■ **Work item**
Each record below needs to be reproduced precisely, though not its pictures.
[Exercise materials — start]
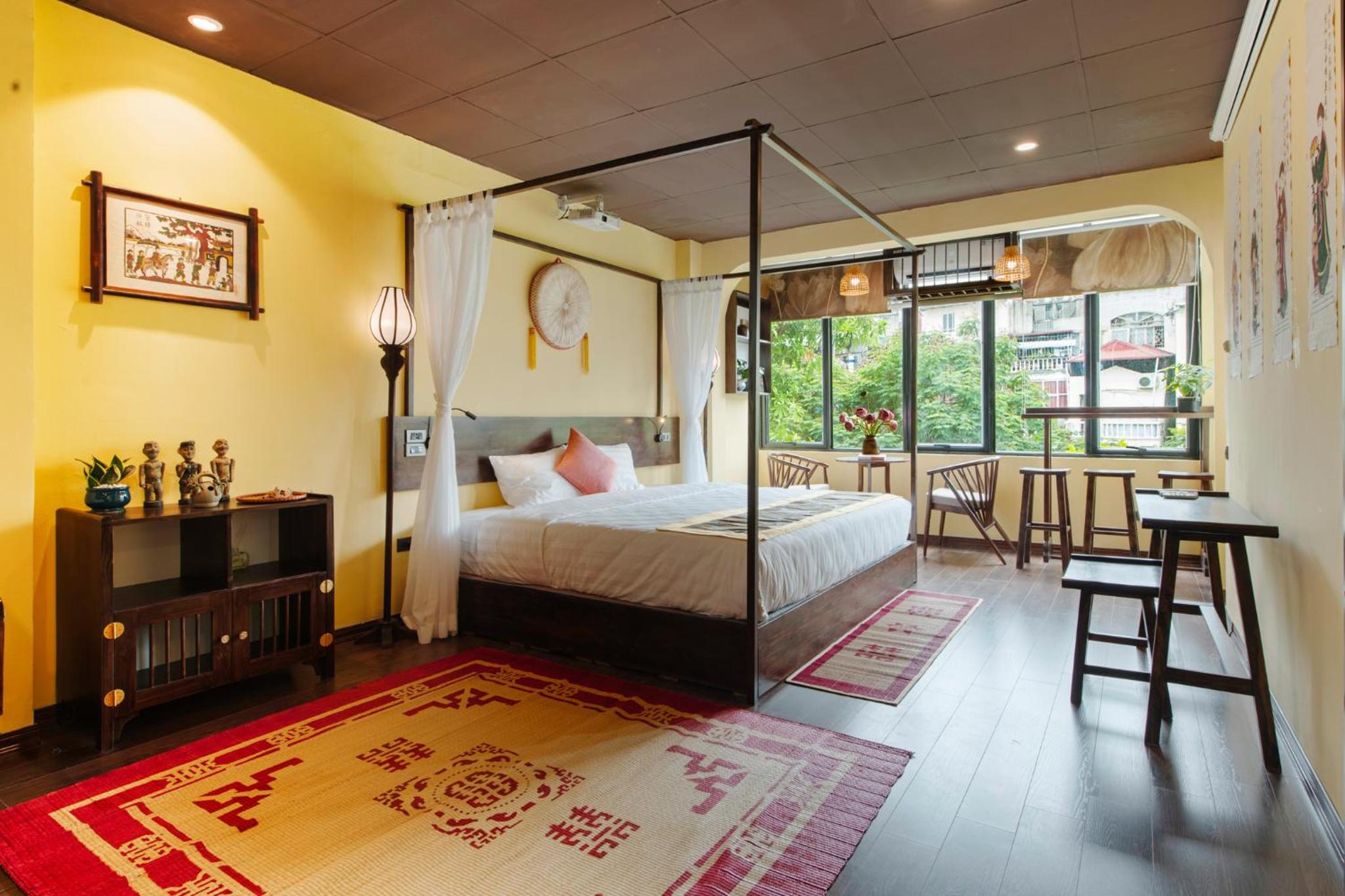 Old Quarter Lux Boutique Train View Studio Retreat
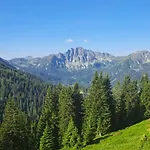 Gemuetliches Mit Holzofen Und Sauna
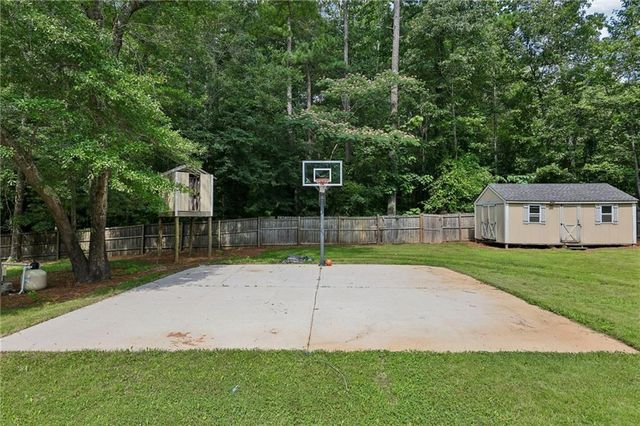 42 Silverleaf Lane, Dallas, GA 30157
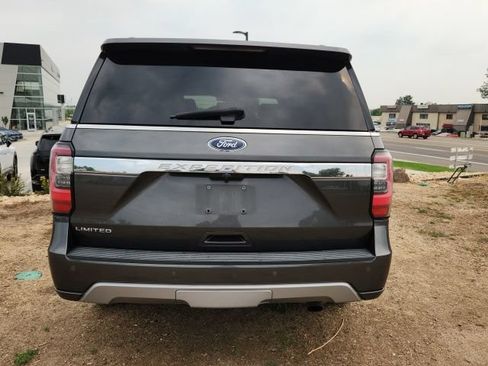 Used 2019 Ford Expedition Limited w/ Special Edition Package AWD/4WD image 3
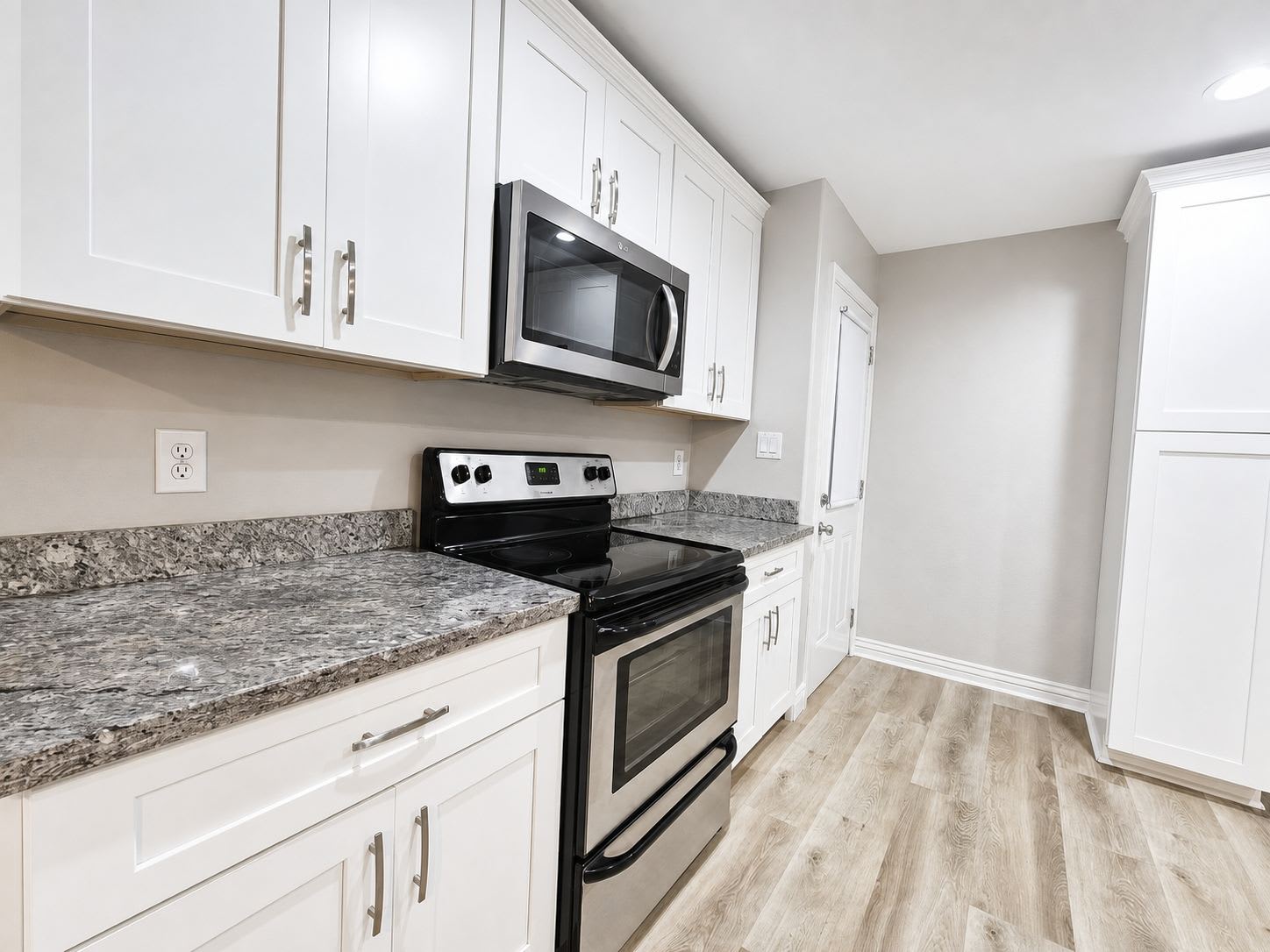 5208 South 11th Avenue – photo 4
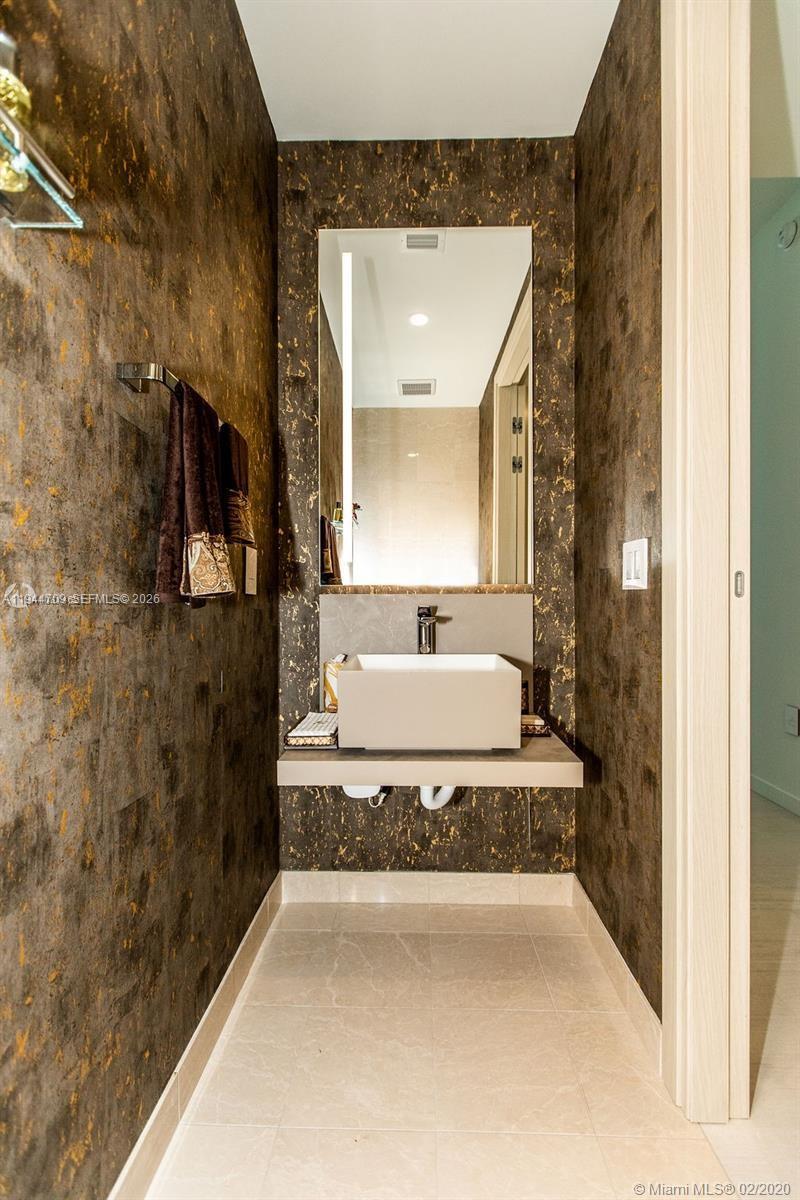 1000 BRICKELL PLAZA Unit: PH6105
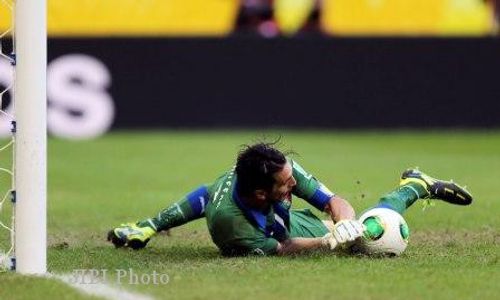 PIALA KONFEDERASI 2013 : Gagalkan Tiga Penalti Pemain Uruguay, Buffon Panen Pujian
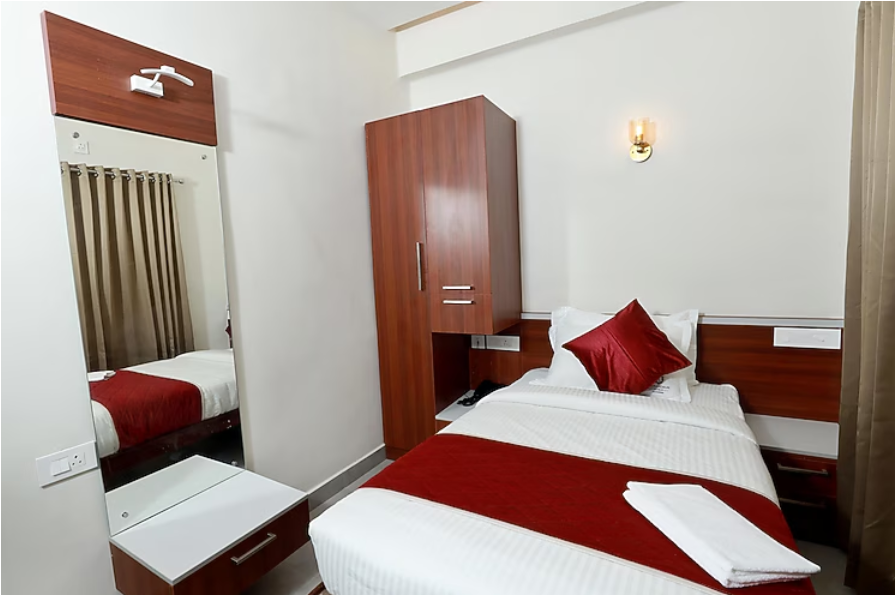 Deluxe Single Non AC Room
[Exercise materials — finish]
■ **Result of the task**
 Old Quarter Lux Boutique Train View Studio Retreat
 Gemuetliches Mit Holzofen Und Sauna
 42 Silverleaf Lane, Dallas, GA 30157
 Used 2019 Ford Expedition Limited w/ Special Edition Package AWD/4WD image 3
 5208 South 11th Avenue – photo 4
 1000 BRICKELL PLAZA Unit: PH6105
 PIALA KONFEDERASI 2013 : Gagalkan Tiga Penalti Pemain Uruguay, Buffon Panen Pujian
 Deluxe Single Non AC Room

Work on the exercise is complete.